CO2 was delivered to +CO2 pools using yeast reactors consisting of watertight plastic boxes (Drybox 2500, OtterBox, Fort Collins, Colorado, USA) containing 500 mL of warm water, 2 g of NaHCO3 (to buffer the internal pH of the reactor), and 0.7 g of baker’s yeast, an amount calculated to generate pH levels and pCO2 concentrations that were within the predicted range of 21st-century ocean acidification scenarios (Bopp et al., 2013). Tubing from each reactor led to an air stone anchored within each +CO2 tide pool. CO2 is the most abundant gas produced by baker’s yeast, representing ∼99.2% of headspace volume (Daoud & Searle, 1990), though additional volatile organic compounds such as ethanol, 2-methylpropanol, and ethyl acetate are present in low concentrations (Smallegange et al., 2010).

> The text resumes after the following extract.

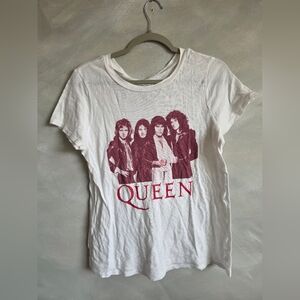 Queen Official Merch Group Photo Graphic T-Shirt White Women’s Sz M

We calibrated the yeast reactors and determined the amount of yeast to use in our experiment by running a series of trials in buckets across a range of temperatures and yeast amounts. Buckets (n = 24) contained 12 L of saltwater at typical ocean concentrations (Instant Ocean® Sea Salt, Blacksburg, Virginia, USA). Temperature was controlled by placing buckets in growth chambers (Percival Scientific, Perry, Iowa, USA) set to 4°, 10°, 20°, or 30 °C. We measured pH (total scale) in each bucket every hr for 6 hr and monitored temperature using TidbiT® v2 datalogers (Onset Computer Corporation, Bourne, Massachusetts, USA). These trials also represent controls, allowing us to evaluate the effects of yeast and temperature on tide pool pH in the absence of organisms.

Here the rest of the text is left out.